Here’s how the calculate the ioc:
340 frequencies + ioc calculation: - first numeric value for each symbol is its frequency - second numeric value is its frequency minus 1 - symbols with a frequency of 1 get a value of 0 because they cannot repeat +: 24 * 23 = 552 B: 12 * 11 = 132 p: 11 * 10 = 110 |: 10 * 9 = 90 O: 10 * 9 = 90 c: 10 * 9 = 90 F: 10 * 9 = 90 2: 9 * 8 = 72 z: 9 * 8 = 72 R: 8 * 7 = 56 l: 7 * 6 = 42 (: 7 * 6 = 42 K: 7 * 6 = 42 M: 7 * 6 = 42 5: 7 * 6 = 42 ^: 6 * 5 = 30 V: 6 * 5 = 30 L: 6 * 5 = 30 G: 6 * 5 = 30 W: 6 * 5 = 30 .: 6 * 5 = 30 <: 6 * 5 = 30 *: 6 * 5 = 30 4: 6 * 5 = 30 k: 5 * 4 = 20 T: 5 * 4 = 20 d: 5 * 4 = 20 N: 5 * 4 = 20 #: 5 * 4 = 20 ): 5 * 4 = 20 y: 5 * 4 = 20 U: 5 * 4 = 20 -: 5 * 4 = 20 C: 5 * 4 = 20 H: 4 * 3 = 12 >: 4 * 3 = 12 D: 4 * 3 = 12 Y: 4 * 3 = 12 f: 4 * 3 = 12 Z: 4 * 3 = 12 J: 4 * 3 = 12 S: 4 * 3 = 12 8: 4 * 3 = 12 9: 4 * 3 = 12 t: 4 * 3 = 12 E: 3 * 2 = 6 P: 3 * 2 = 6 1: 3 * 2 = 6 7: 3 * 2 = 6 _: 3 * 2 = 6 /: 3 * 2 = 6 ;: 3 * 2 = 6 b: 3 * 2 = 6 6: 3 * 2 = 6 %: 2 * 1 = 2 :: 2 * 1 = 2 3: 2 * 1 = 2 j: 2 * 1 = 2 &: 2 * 1 = 2 q: 2 * 1 = 2 X: 2 * 1 = 2 A: 2 * 1 = 2 @: 1 * 0 = 0 summed total: 2236 (the raw ioc) normalized: 0.0193996182543814 = 2236 / (340 * 339)

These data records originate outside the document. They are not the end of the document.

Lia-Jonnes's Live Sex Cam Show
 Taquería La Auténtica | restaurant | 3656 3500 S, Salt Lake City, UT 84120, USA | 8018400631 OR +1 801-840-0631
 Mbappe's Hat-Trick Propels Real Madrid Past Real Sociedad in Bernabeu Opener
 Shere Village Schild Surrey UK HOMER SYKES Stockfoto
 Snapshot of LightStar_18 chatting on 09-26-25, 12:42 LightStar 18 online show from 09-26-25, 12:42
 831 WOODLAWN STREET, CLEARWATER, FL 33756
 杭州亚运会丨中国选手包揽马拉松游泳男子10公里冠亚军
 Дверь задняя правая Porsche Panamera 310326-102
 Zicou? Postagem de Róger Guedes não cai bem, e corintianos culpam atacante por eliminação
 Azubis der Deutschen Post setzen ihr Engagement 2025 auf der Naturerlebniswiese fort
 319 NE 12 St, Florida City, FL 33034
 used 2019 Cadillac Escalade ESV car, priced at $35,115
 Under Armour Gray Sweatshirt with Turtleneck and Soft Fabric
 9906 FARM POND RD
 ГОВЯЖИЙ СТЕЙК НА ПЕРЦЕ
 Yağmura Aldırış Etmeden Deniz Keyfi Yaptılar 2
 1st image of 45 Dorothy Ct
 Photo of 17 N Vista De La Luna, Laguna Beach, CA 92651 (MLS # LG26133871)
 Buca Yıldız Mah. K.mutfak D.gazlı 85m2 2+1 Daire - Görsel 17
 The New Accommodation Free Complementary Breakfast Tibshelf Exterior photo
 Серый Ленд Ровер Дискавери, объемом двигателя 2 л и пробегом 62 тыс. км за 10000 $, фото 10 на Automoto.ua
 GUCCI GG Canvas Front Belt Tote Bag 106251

Hi Jarlvie this is one of them. I will dig out the other I have misplaced it.
Thanks for sharing, what kind of pattern did you follow?
Hey thanks for sharing the raw ioc information. The values used to calculate the raw ioc are the same ones that I have been trying to match. I will add that to my encoder and find a way to use it.
I think its this method I will check it tonight I made two of them similar. odd ""COLUMNS"’ then even COLUMNS then each COLUMN up one period from the next. then read from top down.